The creation of unique melodies from proteins is achieved using a protein-music algorithm. This algorithm incorporates specific elements of proteins – such as the size and position of amino acids – and maps them to various musical elements to create an auditory “blueprint” of protein structure.
“The existing protein music was primarily designed by simply mapping certain amino acid patterns to fundamental musical characteristics such as pitches and note lengths, but they do not match well with more complex musical characteristics such as rhythm. and harmony, ”says lead author Yu Zong. Chen, professor in the Department of Pharmacy at the National University of Singapore. “By focusing on a musical style, we can guide more complex mappings of amino acid motif combinations with various musical characteristics.”
For their experiment, the researchers analyzed the pitch, length, octaves, chords, dynamics, and main theme of four pieces from the Romantic era of classical music of the mid-1800s. These pieces, including Impromptu fantasy by Chopin and Vagabond’s fantasy by Franz Schubert, were selected to represent the fantastic-impromptu genre that emerged around this time.
“We chose the specific musical style of a Fantasy-Impromptu because it is characterized by freedom of expression, which we believe would complement the way proteins regulate a large part of our bodily functions, including our moods.” , explains co-author Peng Zhang (@ zhangpeng1202), post-doctoral researcher at Rockefeller University
Likewise, several of the proteins in the study were chosen for their similarities to key attributes of the Fantasy-Impromptu style. Most of the 18 proteins tested regulate functions such as human emotion, cognition, sensation or performance which, according to the authors, are related to emotional and gender expression.
Next, they mapped 104 structural, physicochemical, and amino acid binding properties of these proteins to six musical characteristics. “We compared the quantitative profile of each amino acid property to the quantified values of the different musical characteristics to find the optimal mapped pairings. at a shorter note length, ”Chen explains.
Of all the proteins tested, the researchers found that the musicality of the proteins was significantly improved. In particular, the oxytocin protein receptor (OXTR) was found to have one of the greatest increases in musicality when using the gender-guided algorithm, compared to an earlier version of the protein-music algorithm.
“The oxytocin receptor protein generated our favorite song,” says Zhang. “This protein sequence produced an identifiable main theme that repeats in rhythm throughout the piece, as well as interesting patterns and patterns that recur independently of our algorithm. There were also pleasant harmonic progressions; for example , many seventh chords resolve naturally. “
The authors note, however, that while the guided algorithm has increased the overall musicality of the protein songs, there is still a long way to go before it sounds like real human music.
“We believe that a next step is to explore more musical styles and more complex combinations of amino acid properties for improved musicality and new pieces of music.
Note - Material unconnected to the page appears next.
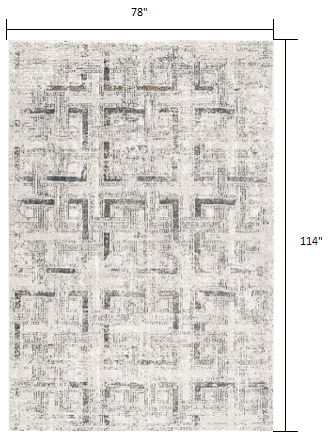 6.5' x 9.5' Abstract Power Loom Area Rug - Ivory And Gray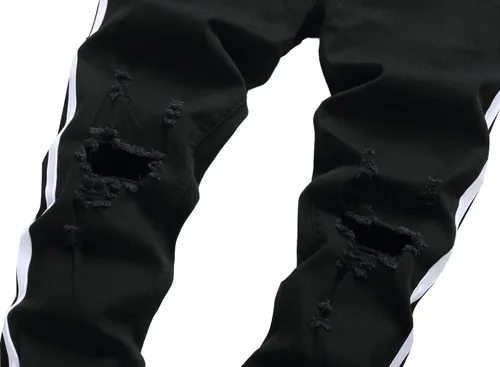 Vista 3 de Jeans rasgados para hombre, ajustados, elásticos, desgastados, cómodos, de moda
Another step, a very important step, is to apply the ‘artificial intelligence to jointly learn the complex properties of amino acids and their combinations with respect to the characteristics of various musical styles to create protein music with enhanced musicality,’ explains Chen.
Research supported by the National Key Research and Development Program of China, the National Natural Science Foundation of China, and Singapore University Funds.